My history with Linux OS

My first experience with the OS was in the late nineties right after college. I also had experience using a Unix system while in college, which is similar to Linux, so thought it may be fun to try out. I installed Red Hat Linux as a dual boot along side Windows 98. But, some of my computer peripherals and hardware didn’t work, such as my printer, and I could not play games. Linux was really still in it’s infancy at that time and not really as option for a regular everyday computer user. I eventually gave up on using it at all.

Virtualization software came around, which is software to simulate hardware functionality and create a virtual computer system. I then started download and installing different distributions of Linux OS to try them out. But, I was still not compelled to get rid of Windows as my main desktop. At that time, the desktop environment still felt janky to me. MS office documents didn’t work well or at all with Linux office suites, gaming on Linux still was really not a option, and I was still hard to get certain main computer hardware to work.

The switch to Linux

Cloud computing is a game changer!

The ability to run software within a internet browser like MS Office 365 meant it doesn’t matter what operating system I am using. I could access all my work e-mail, files, and able to function seamlessly. This finally made me feel like making the switch to a Linux OS is real a possibility.

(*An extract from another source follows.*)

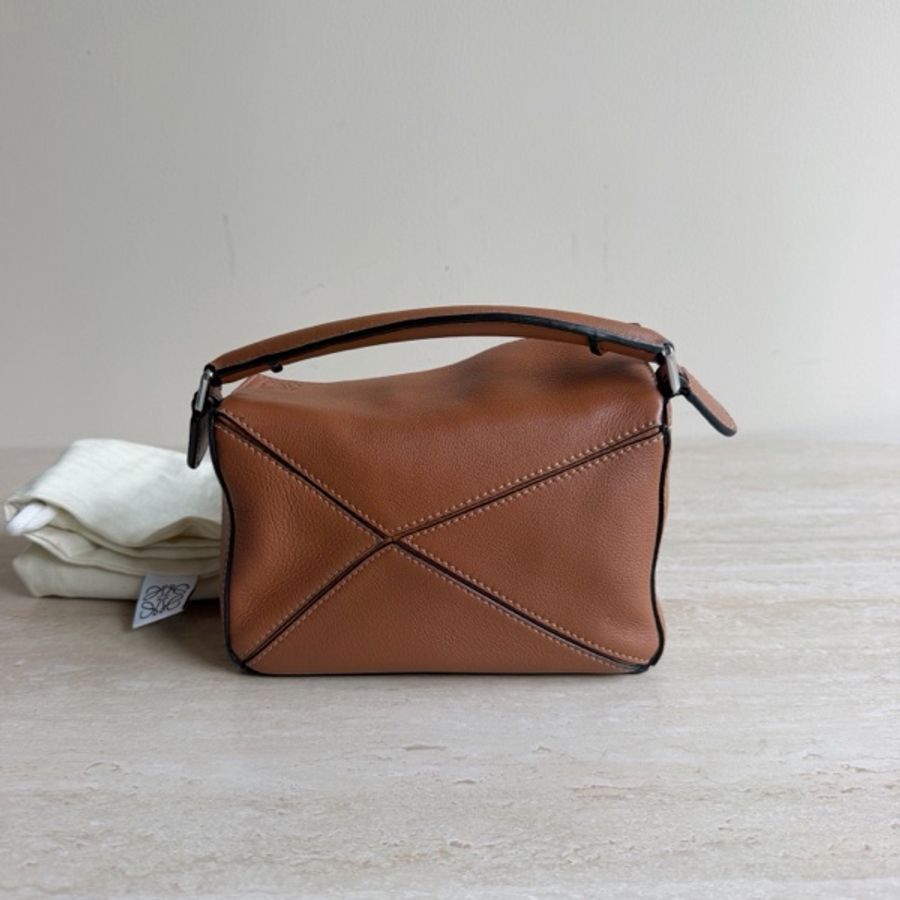 Loewe 羅意威mini puzzle焦糖色幾何包 底長18cm-8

With Steam you can finally get your game on!

Steam Application

Steam is a video game digital distribution service by Valve and they have been making some real strides into making it possible to for people to play popular gaming titles on Linux. Though, I am not much of a gamer anymore, I was surprised on how well it worked when I gave it a try. Here is a list of the “Best 40 games on Steam” that run on Linux and Windows.

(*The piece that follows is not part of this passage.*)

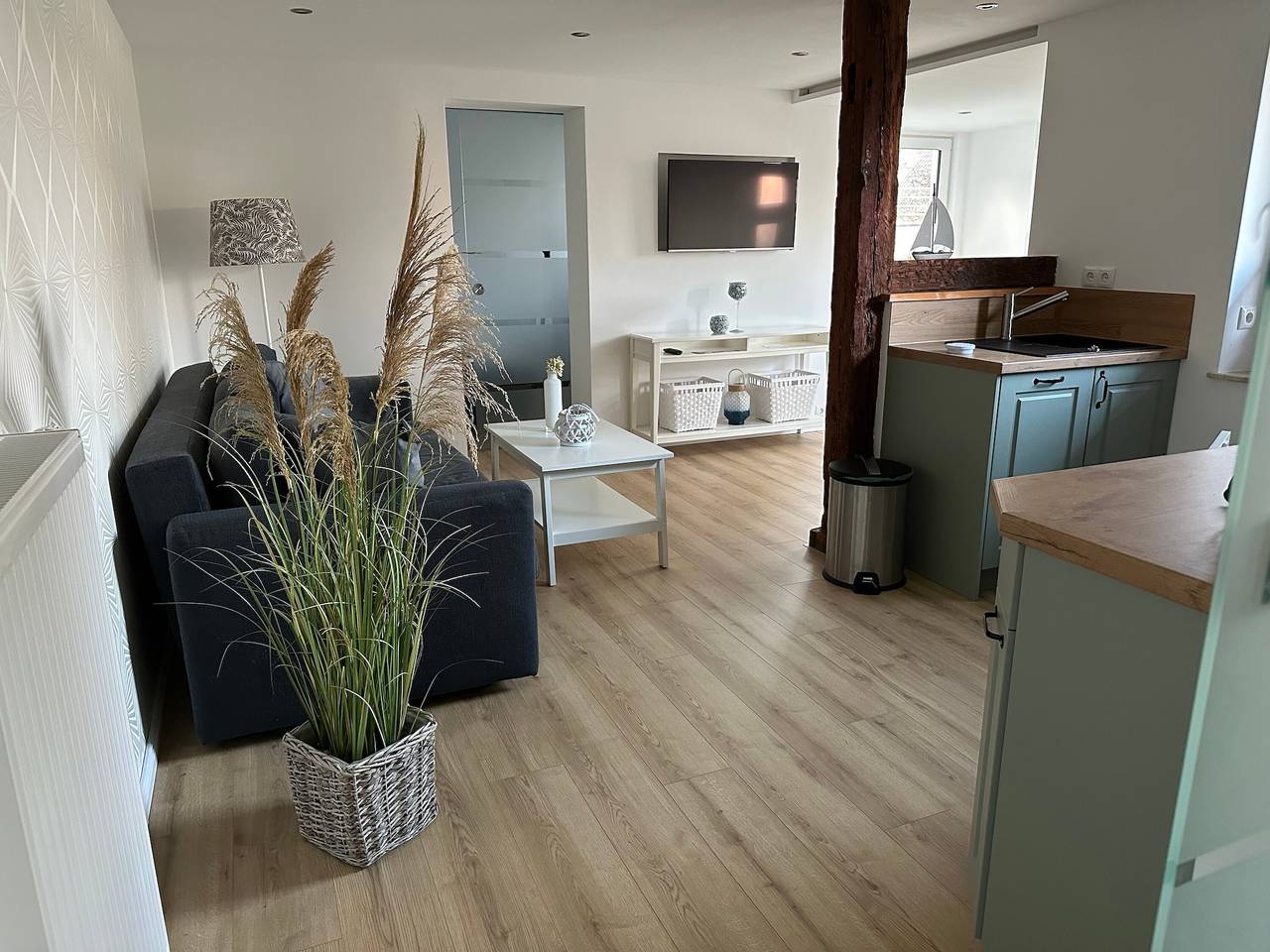 Ganze Wohnung, Ferienwohnung „Manthei“ mit eigener Terrasse, privatem Garten und Wlan in Kluis, Rügen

Playing Tomb Raider on my Framework Laptop

Try to install on actual computer hardware.

I believe the best way to find the distribution that works for you is to try the ones that interest you based on the information on their web site and looking at web forums in the Linux community. Don’t be afraid to reinstall different distributions over and over on your hardware to pick the right one.

I have been thinking about purchasing a new laptop and I that it would be a good time to give it a try. But, I know that running Linux on a virtual machine was not going to push me to make the switch and not a real representation of an actual installation. So, after doing a bunch of research on different distributions, I found an old Dell desktop, put in a new solid state drive, and made my initial install for learning experience.

Which distribution of Linux should I use???

Picking a Linux distribution can be daunting, because there are just so many varieties. My first try was Manjaro Linux. It is one of the distributions that a lot of the Linux community raved about being easy to install and use. The installation went easy enough, but I could not get a wireless USB adapter working. I looked for help in the Arch (Manjaro is based on Arch Linux) community forums but, all I found was a python script to try, and it didn’t work for me. Eventually, I gave up with that distribution.

For my next version of Linux, I decide to try Ubuntu, which is very well known. The installation was easy as well, but the wireless adapter still didn’t work. I was eventually able to find a fix that didn’t involve any python scripts. I wasn’t that impressed that things seemed very slow to load up in the software package manager (It may be because it was running on older hardware). Also, I didn’t care for the background and color schemes but, it was something that I could change with some effort. To my surprised, I could install Microsoft Edge and Teams, which is definitely a bonus integrating with my work Office 365. I was also able to install Spotify, my favorite music streaming service. So…this was the one that I decided to go with.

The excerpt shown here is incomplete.